Over the next five years, Syngenta will spend $2 billion to help farmers not only prepare for, but also tackle the threats posed by climate change.
The announcement was made by the company’s CEO, Erik Fyrwald, who also announced the money will be matched by a drive to reduce the carbon intensity of the company’s operations by at least 50 per cent by 2030 to support the ambitious goals of the Paris Agreement on climate change.
“Agriculture is now at the front line of global efforts to tackle climate change,” says Fyrwald. “Syngenta is committed to accelerating our innovation to find better and ever safer solutions to address the shared challenge of climate change and biodiversity loss. These aren’t just words, this is real action that will drive focus in Syngenta to help farmers tackle climate change and reduce the sector’s contribution to the world’s greenhouse gas emissions.”

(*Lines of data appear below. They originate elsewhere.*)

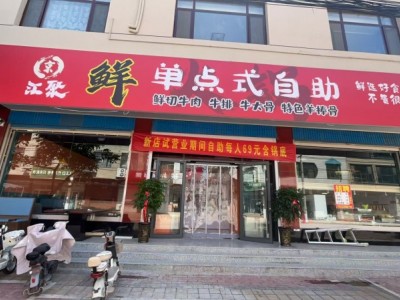 招聘（第 1 张）
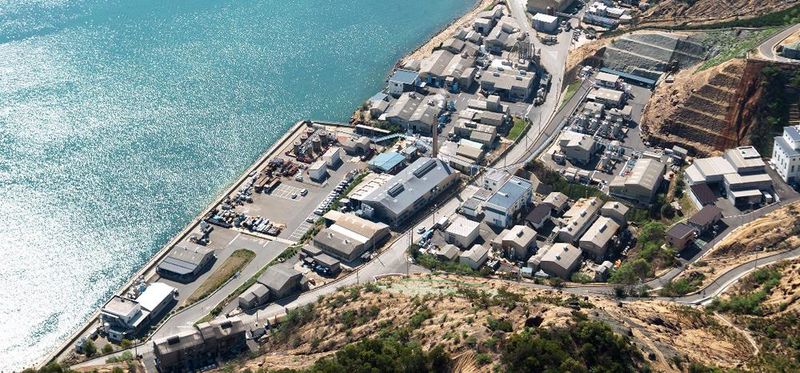 本荘ケミカル株式会社の求人・転職情報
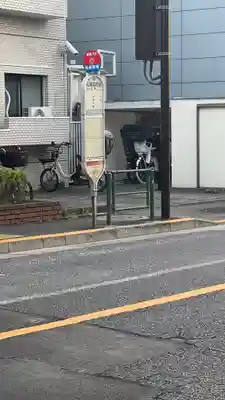 松庵稲荷神社(東京都)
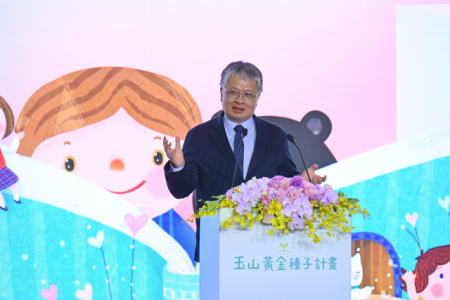 2026年4月13日行政院副院長鄭麗君出席「玉山黃金種子計畫感恩活動」 　共7張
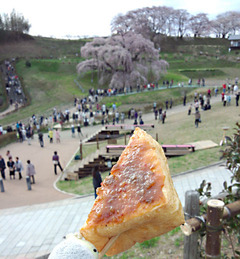 三角揚げ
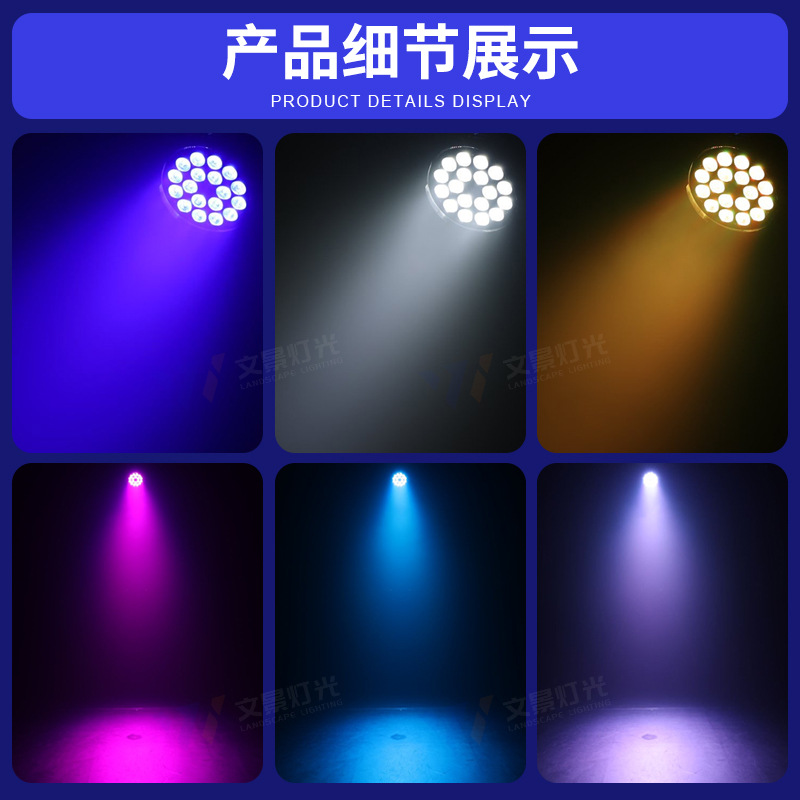 Iluminación de escenario led18 10W a todo color cuatro en un control remoto par luz de la boda COB superficie luz par rendimiento par Luz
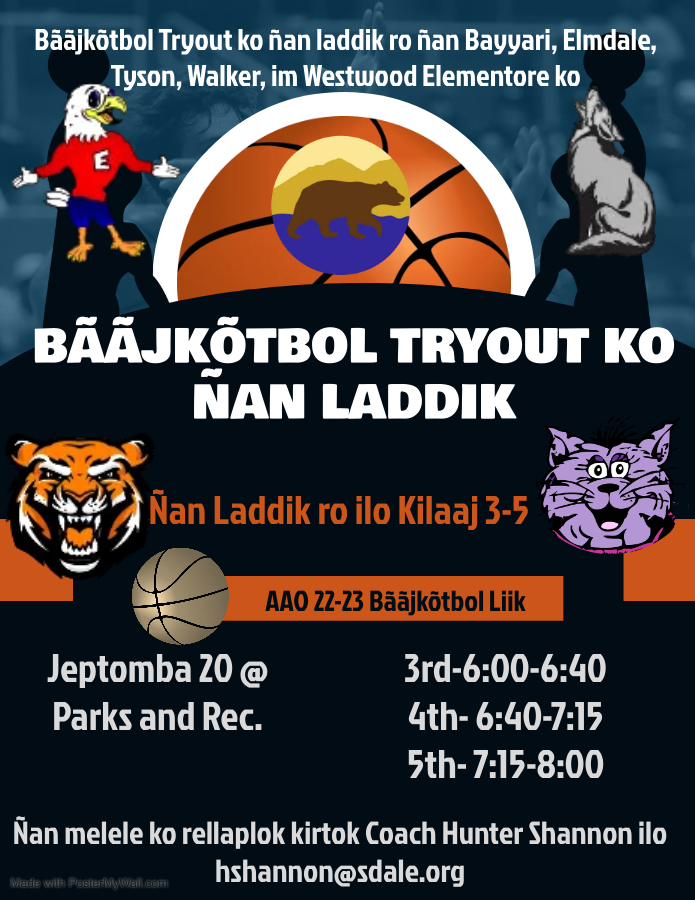 Boys Basketball Tryouts - Marshallese flyer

The company has introduced a new sustainability goal of delivering at least two technological breakthroughs to market each year, to reduce agriculture’s contribution to climate change, harness its mitigation capacity, and help the food system stay within planetary boundaries.
The company has partnered with The Nature Conservancy to develop strategies to identify and test new innovations and technology that can benefit farmers and contribute to positive environmental outcomes.

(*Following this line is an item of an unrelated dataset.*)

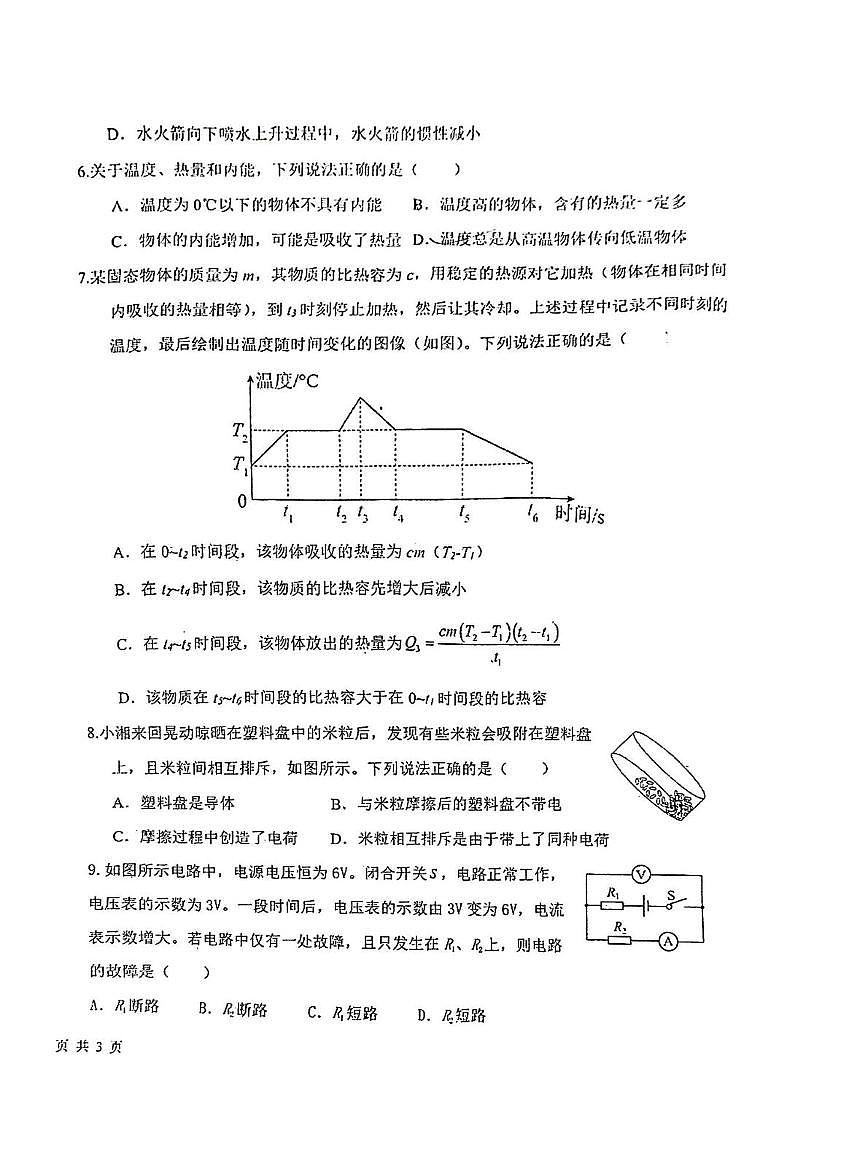 河北省石家庄市第八十一中学2025-2026学年九年级上学期第一次月考物理试卷第2页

“Achieving conservation at scale will require bold action from the private sector. As businesses increasingly recognize the risks of climate change and the benefits of sustainability, we welcome the opportunity to contribute our science and expertise to help transform business practices,” says Sally Jewell, CEO of The Nature Conservancy.
Progress against the various targets each year will be reported annually and independently audited.